WORK REQUIRED -> Please restate every record below word for word and skip the pictures.

Stored data entries
────────────────
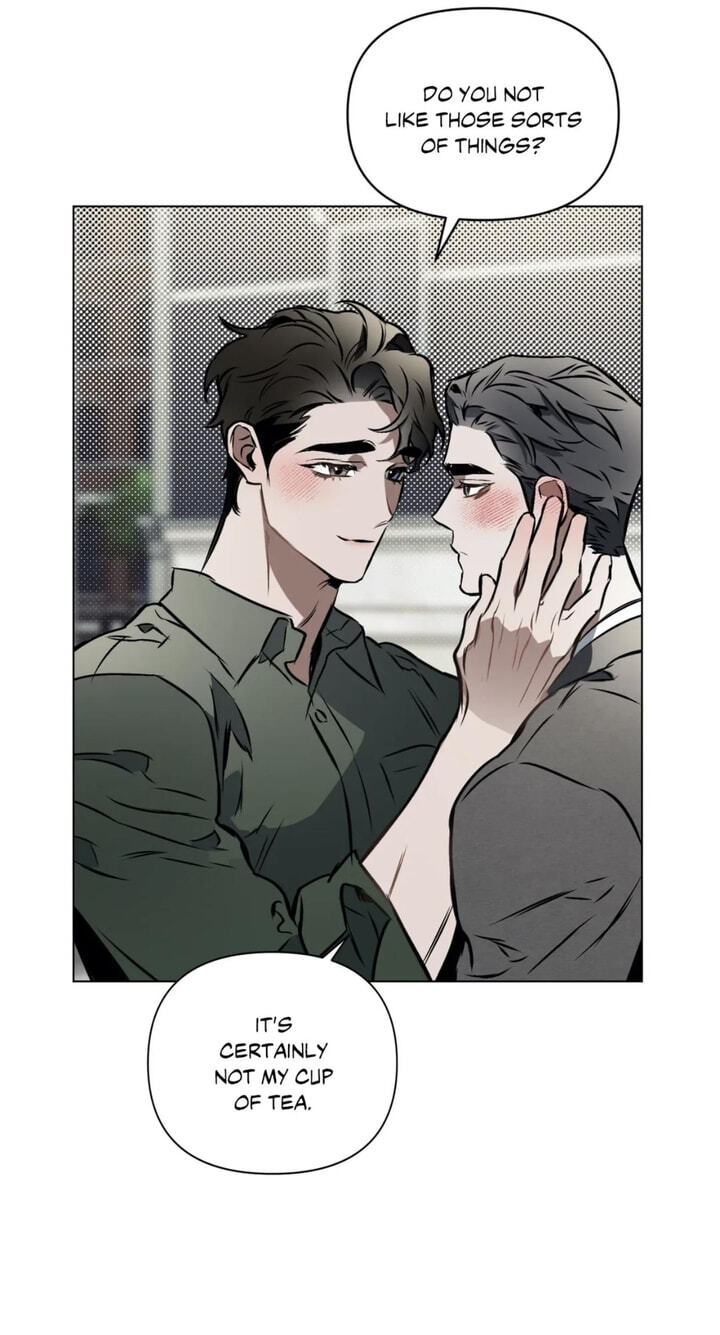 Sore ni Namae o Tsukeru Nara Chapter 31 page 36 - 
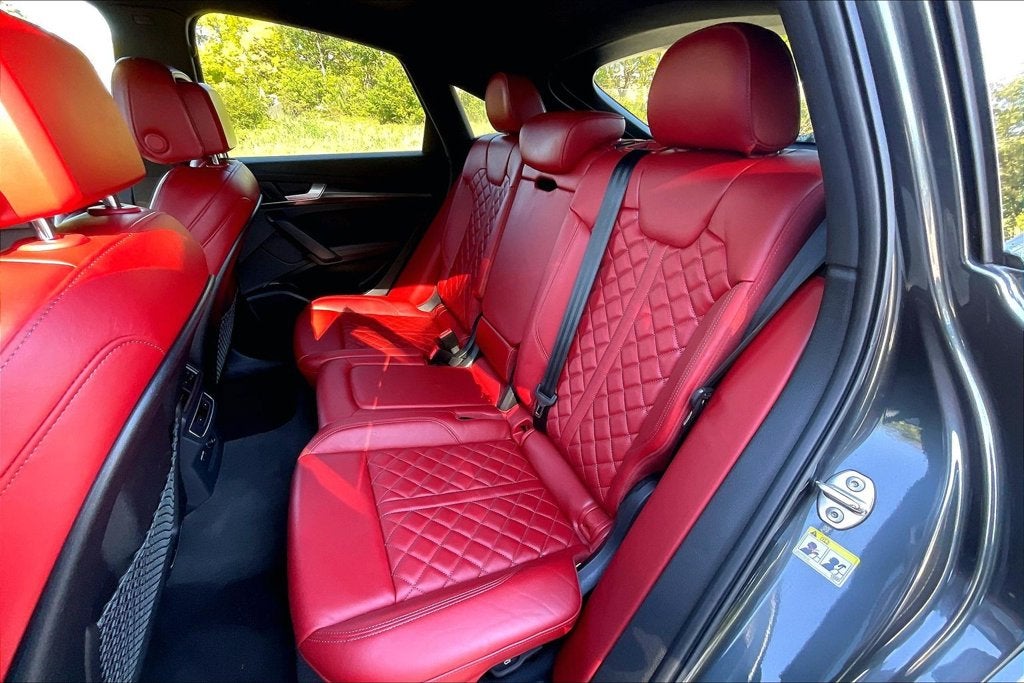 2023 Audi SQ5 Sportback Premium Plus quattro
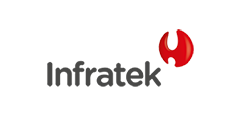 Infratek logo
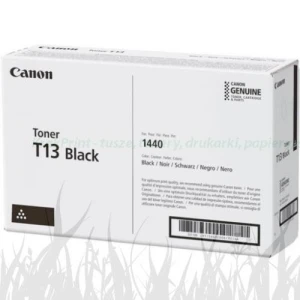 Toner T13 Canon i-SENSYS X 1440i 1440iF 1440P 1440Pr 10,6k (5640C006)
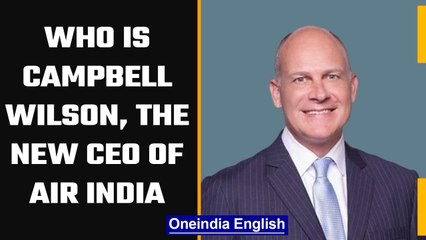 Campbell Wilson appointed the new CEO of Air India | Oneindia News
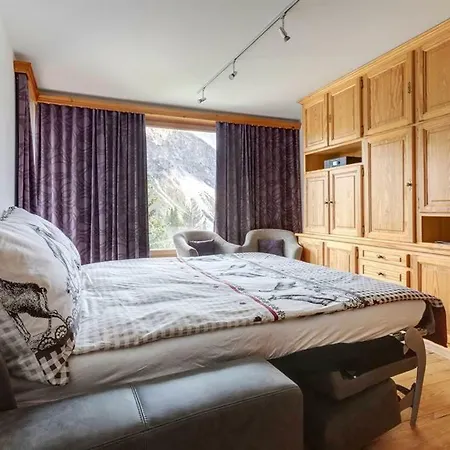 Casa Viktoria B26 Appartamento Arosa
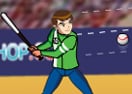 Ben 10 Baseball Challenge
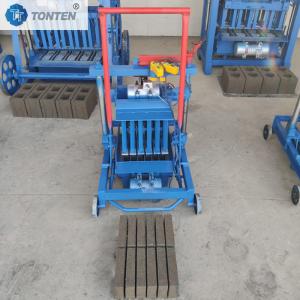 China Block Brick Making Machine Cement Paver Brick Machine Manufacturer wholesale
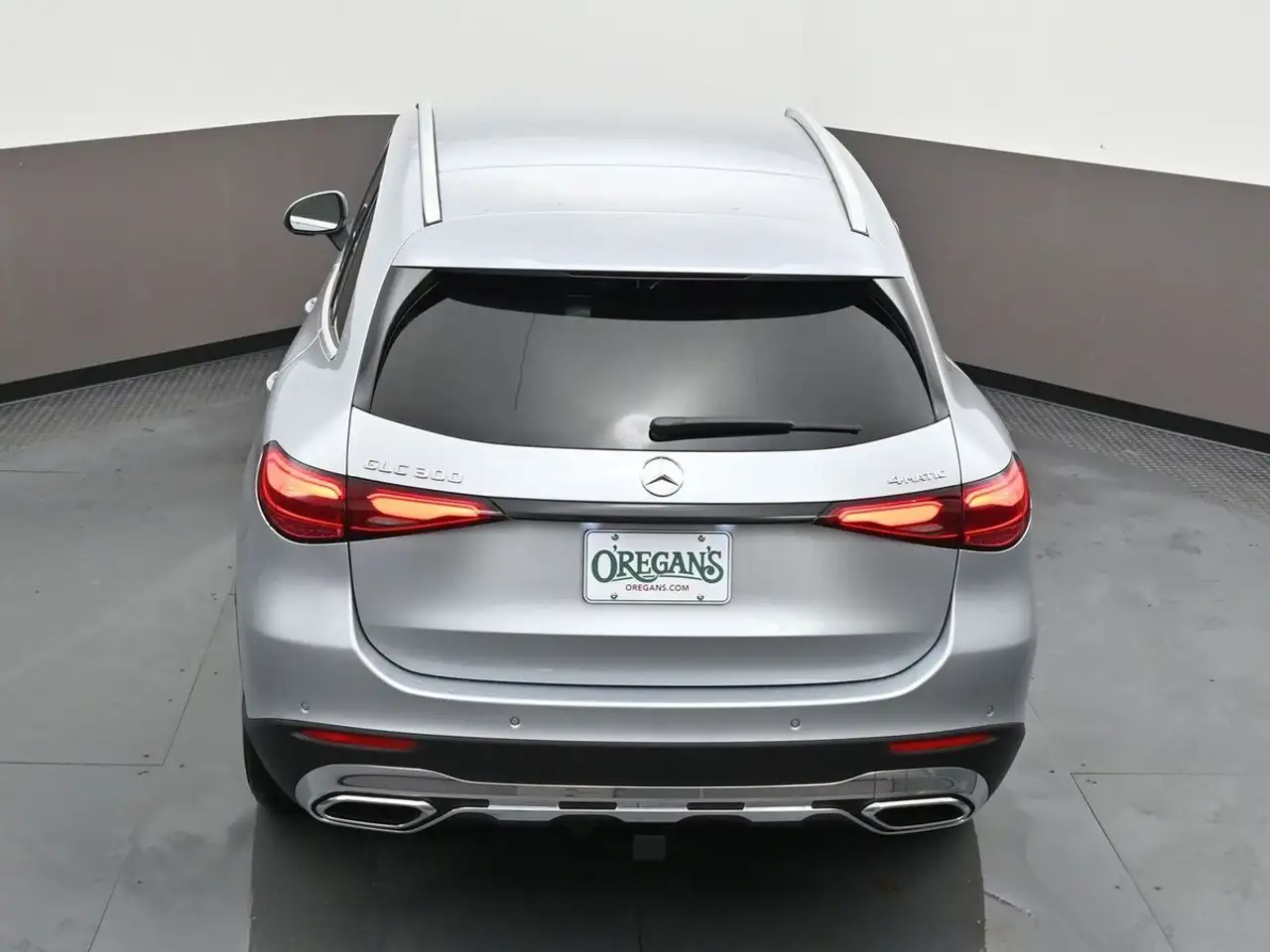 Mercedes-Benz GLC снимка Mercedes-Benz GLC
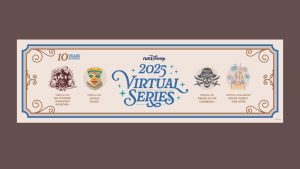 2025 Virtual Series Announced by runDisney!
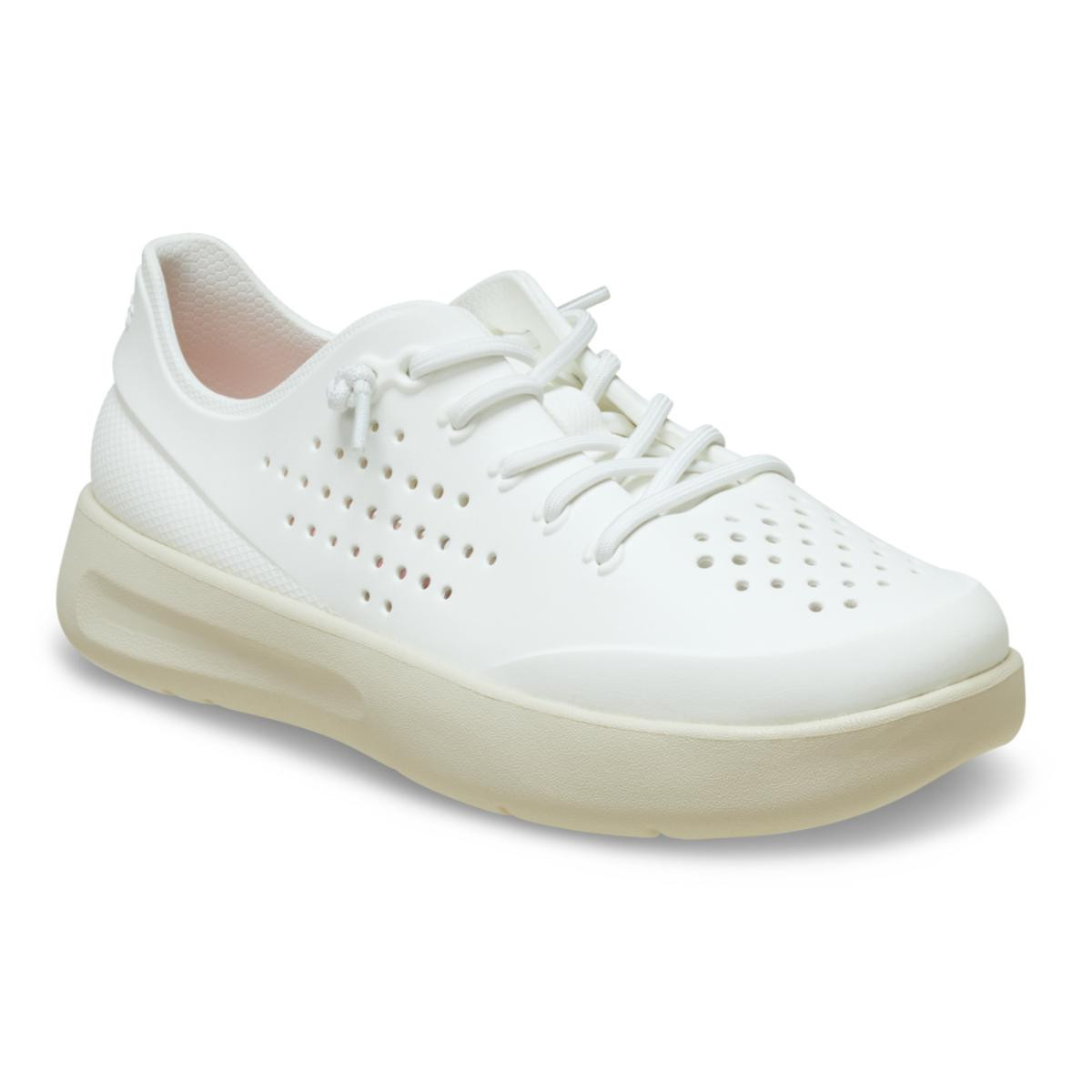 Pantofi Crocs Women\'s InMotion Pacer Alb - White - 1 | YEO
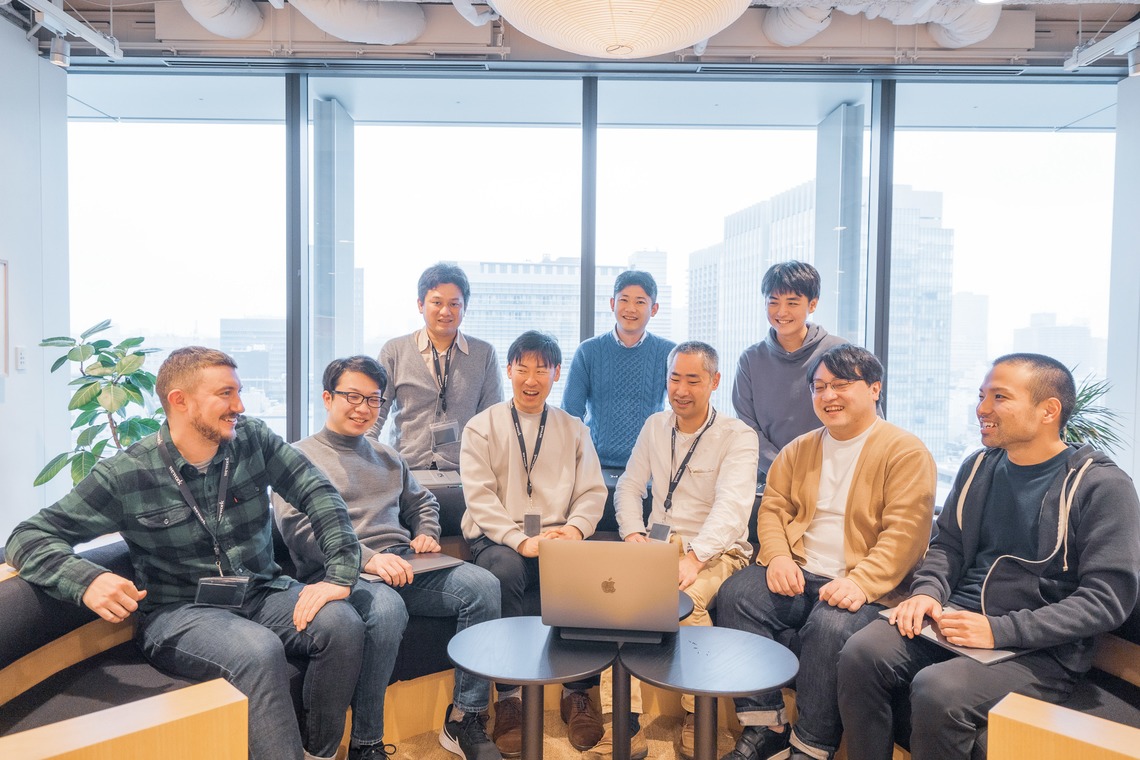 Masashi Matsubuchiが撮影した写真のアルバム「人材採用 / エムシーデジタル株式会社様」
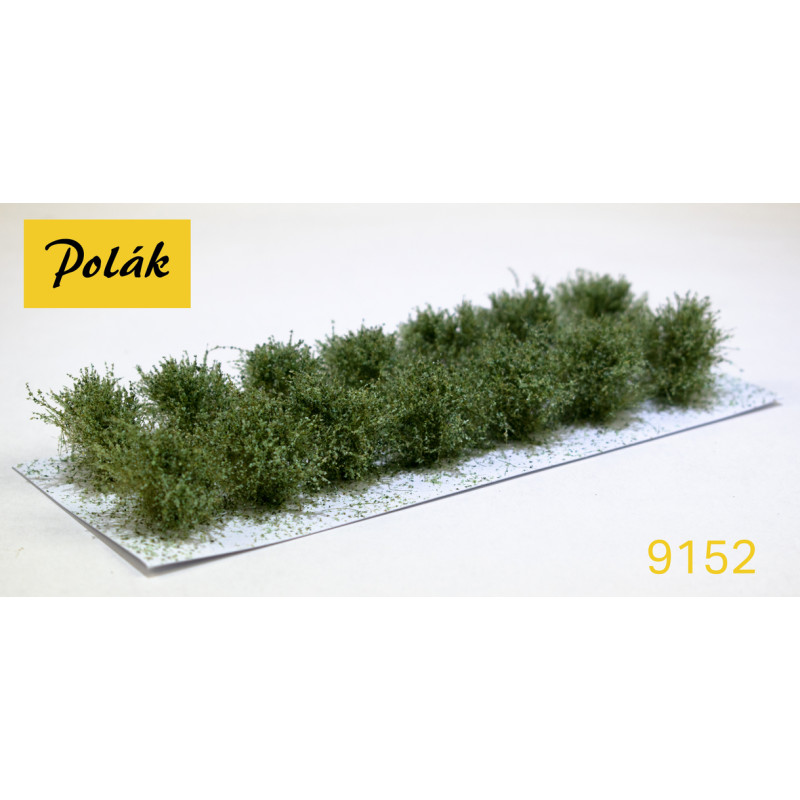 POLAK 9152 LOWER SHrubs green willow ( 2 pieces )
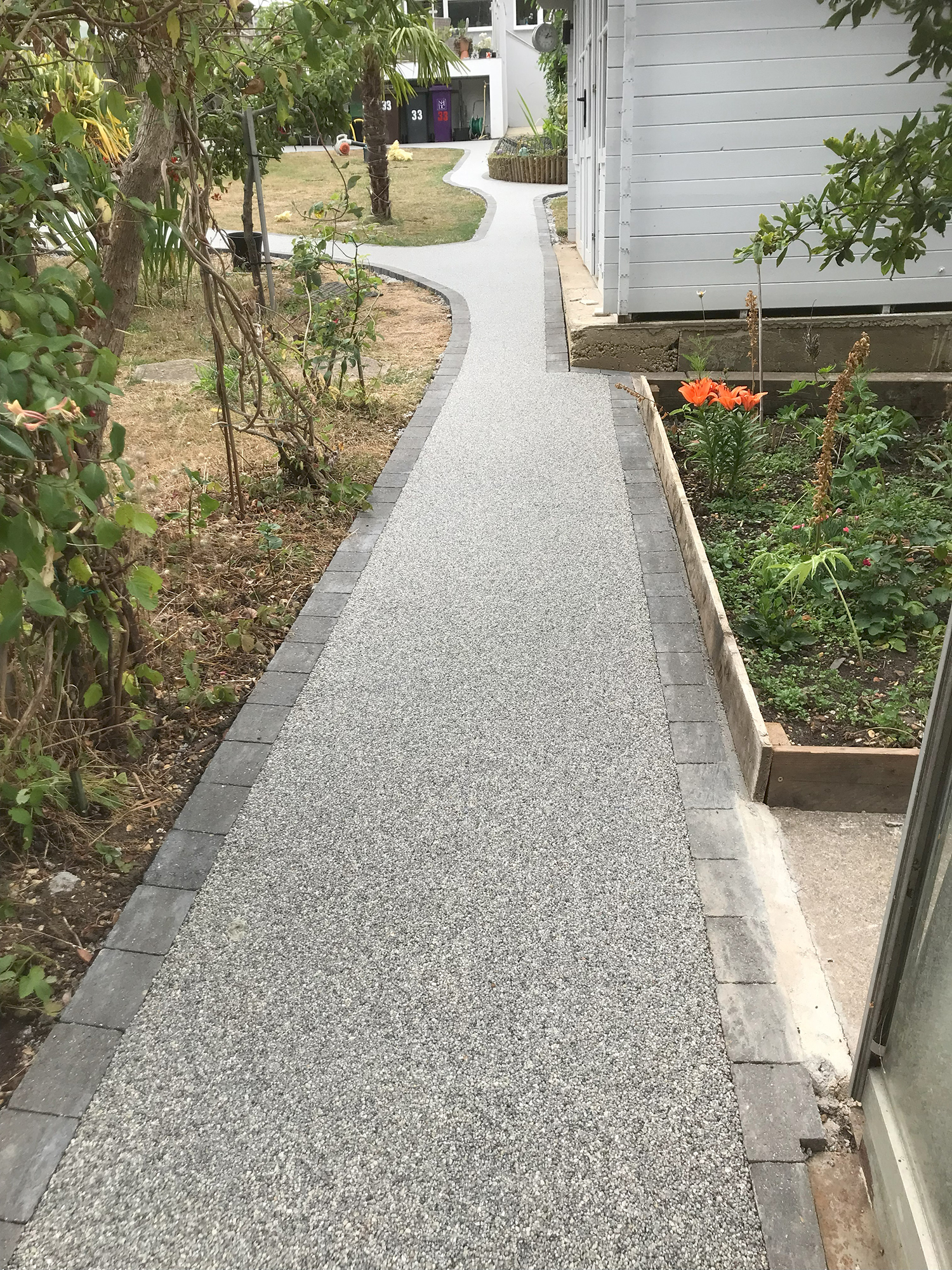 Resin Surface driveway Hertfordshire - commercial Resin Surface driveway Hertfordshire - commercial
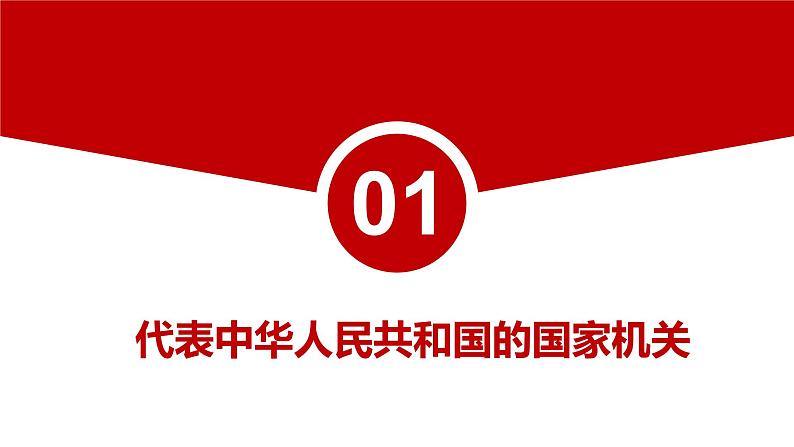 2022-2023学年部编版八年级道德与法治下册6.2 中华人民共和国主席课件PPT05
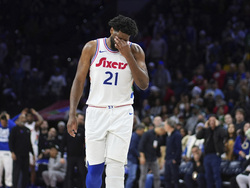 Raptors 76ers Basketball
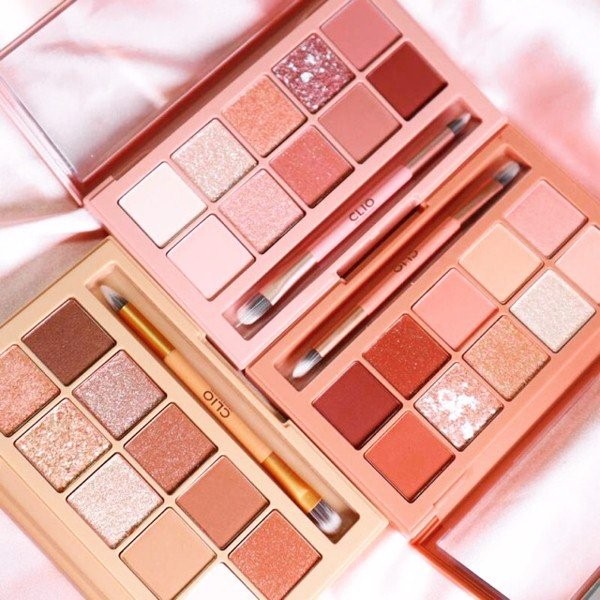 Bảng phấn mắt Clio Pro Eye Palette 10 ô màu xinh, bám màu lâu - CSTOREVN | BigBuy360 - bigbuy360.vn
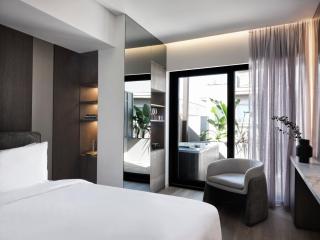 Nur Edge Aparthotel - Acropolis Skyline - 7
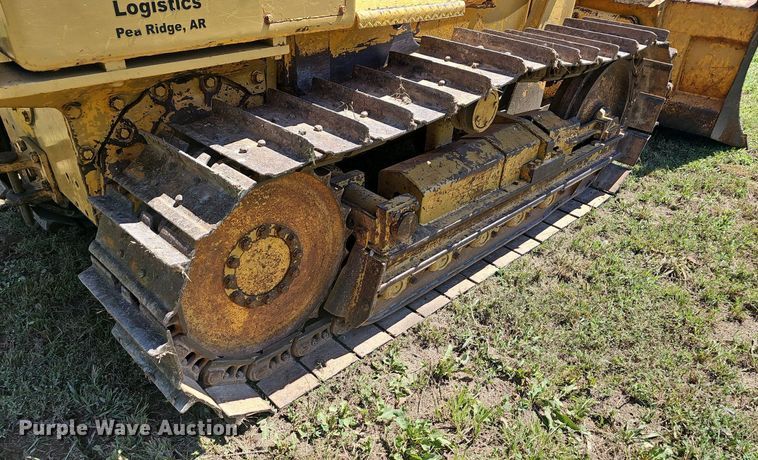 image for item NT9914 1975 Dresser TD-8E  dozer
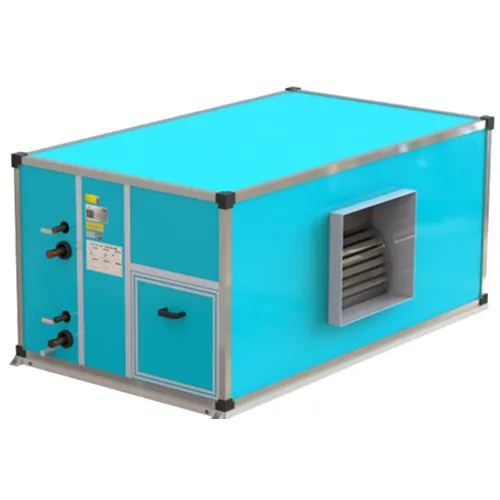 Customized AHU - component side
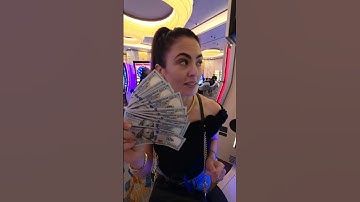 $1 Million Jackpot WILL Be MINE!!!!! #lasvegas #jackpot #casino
────────────────
COMPLETED EXERCISE ->
 Sore ni Namae o Tsukeru Nara Chapter 31 page 36 - 
 2023 Audi SQ5 Sportback Premium Plus quattro
 Infratek logo
 Toner T13 Canon i-SENSYS X 1440i 1440iF 1440P 1440Pr 10,6k (5640C006)
 Campbell Wilson appointed the new CEO of Air India | Oneindia News
 Casa Viktoria B26 Appartamento Arosa
 Ben 10 Baseball Challenge
 China Block Brick Making Machine Cement Paver Brick Machine Manufacturer wholesale
 Mercedes-Benz GLC снимка Mercedes-Benz GLC
 2025 Virtual Series Announced by runDisney!
 Pantofi Crocs Women\'s InMotion Pacer Alb - White - 1 | YEO
 Masashi Matsubuchiが撮影した写真のアルバム「人材採用 / エムシーデジタル株式会社様」
 POLAK 9152 LOWER SHrubs green willow ( 2 pieces )
 Resin Surface driveway Hertfordshire - commercial Resin Surface driveway Hertfordshire - commercial
 2022-2023学年部编版八年级道德与法治下册6.2 中华人民共和国主席课件PPT05
 Raptors 76ers Basketball
 Bảng phấn mắt Clio Pro Eye Palette 10 ô màu xinh, bám màu lâu - CSTOREVN | BigBuy360 - bigbuy360.vn
 Nur Edge Aparthotel - Acropolis Skyline - 7
 image for item NT9914 1975 Dresser TD-8E  dozer
 Customized AHU - component side
 $1 Million Jackpot WILL Be MINE!!!!! #lasvegas #jackpot #casino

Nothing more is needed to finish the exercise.